(Task description) Your answer should hold exactly the lines below from the line with "Step number four: save" through the line with "Alright, as you", both included, and no pictures at all.

#### Exercise input ####

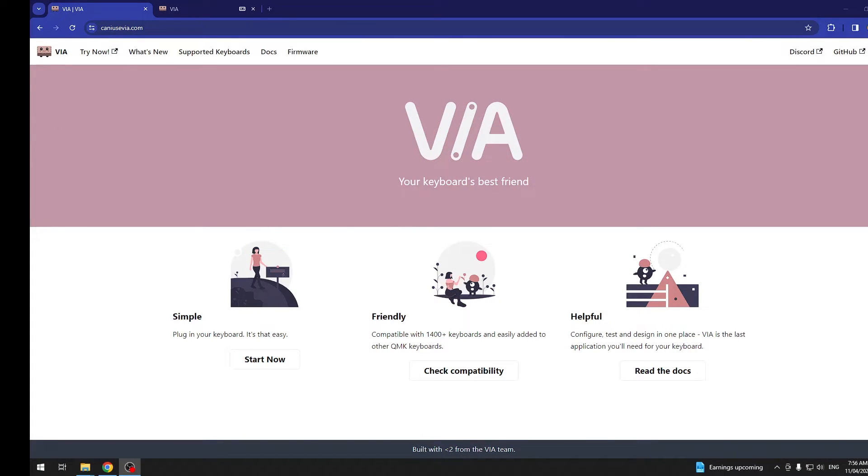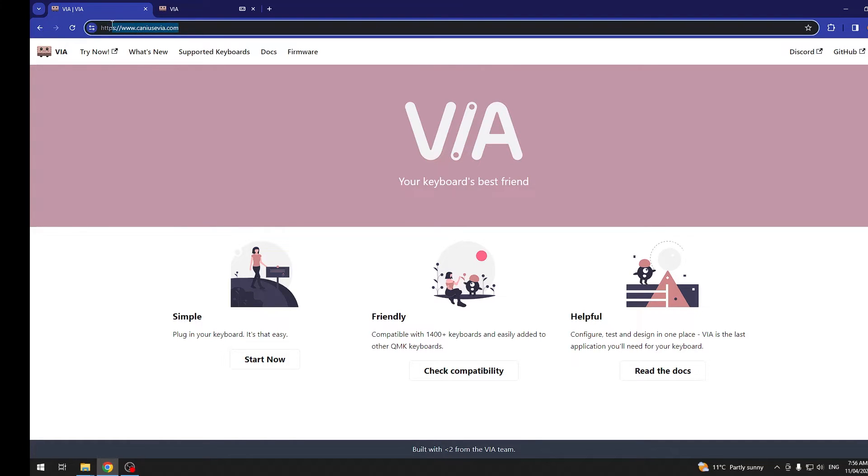To do this, first you will need to visit this website right here. Sorry, I can't pronounce it, but I will try to include it in the description.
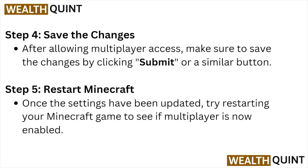Step number four: save the changes. After allowing multiplayer access, make sure to save the changes by clicking the submit button.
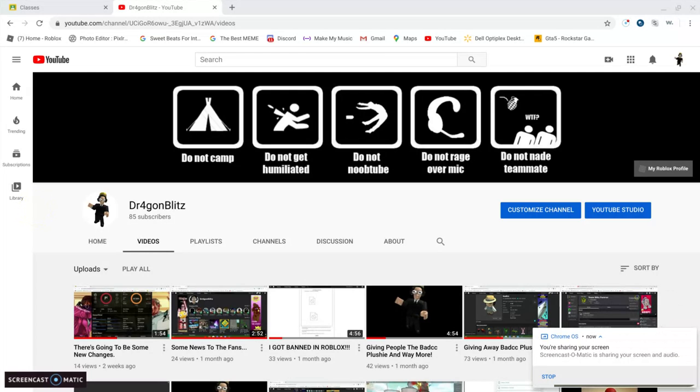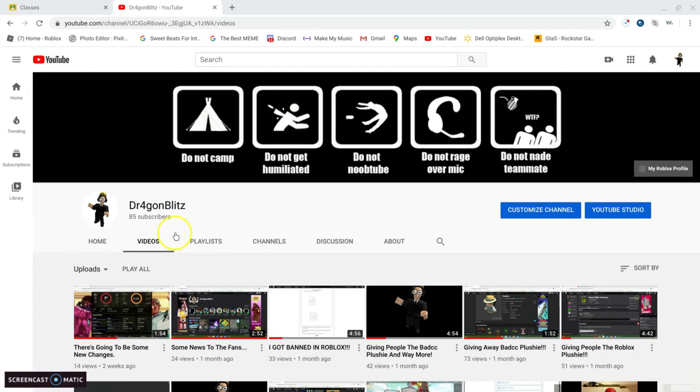Alright, as you can see we have 85 subscribers. Now we're gonna do the giveaway I was talking about. Our next subscriber goal is probably like 90 or 100.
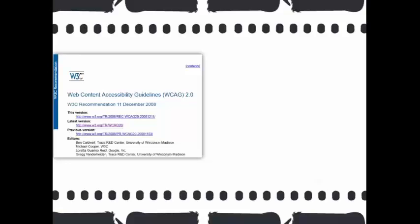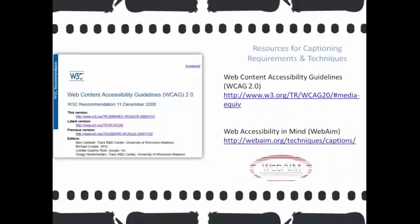If you're looking to develop your own policy or to get more information on accessibility guidelines, I would recommend reviewing these guidelines on the W3C's website and also looking into Web Accessibility in Mind, which is also known as WebAIM, which is an initiative from the Center for Persons with Disabilities in Utah State University. Both of these sites are great resources, and I've provided links here to the specific areas of their websites that address video and captioning.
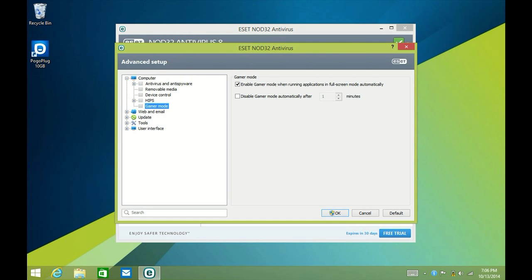Here you can see you can turn Gamer Mode on or off, and you can disable it for a certain amount of time.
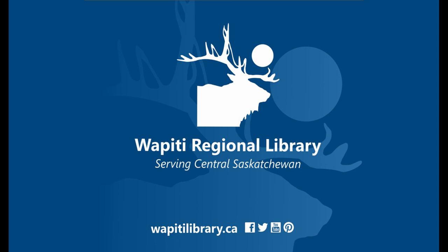With Hoopla, Wapiti Regional Library patrons are entitled to five checkouts per month. There's also a daily spending cap in Hoopla, which limits the total number of checkouts per day. If you receive a message about not being able to borrow something because of the daily cap, try again the next day. The cap is reset at midnight daily.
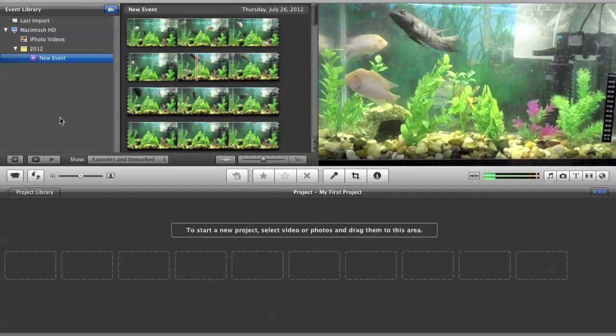Hello guys, I'm here to show you how to fast forward or slow motion your video on a Macbook.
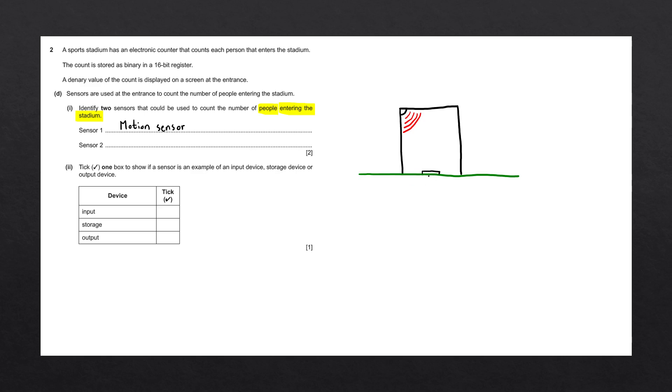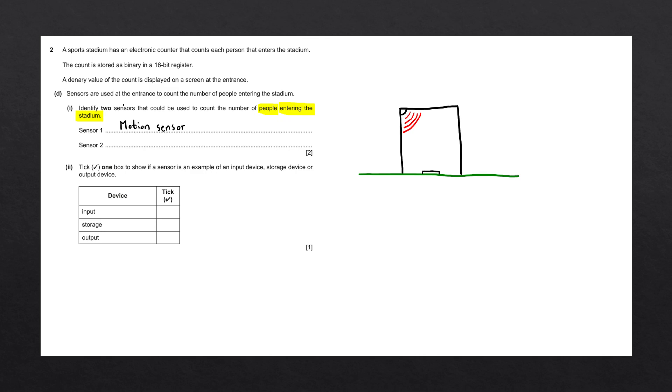Another method would be an underground pressure sensor. When someone steps on the sensor, it activates and increments the count. Both methods have their pros and cons. One may be more accurate than the other. Fortunately, this question doesn't ask us to compare the different methods, just to identify two sensors. So the second answer would be a pressure sensor.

####

(Output below)
Step number four: save the changes. After allowing multiplayer access, make sure to save the changes by clicking the submit button.
Alright, as you can see we have 85 subscribers. Now we're gonna do the giveaway I was talking about. Our next subscriber goal is probably like 90 or 100.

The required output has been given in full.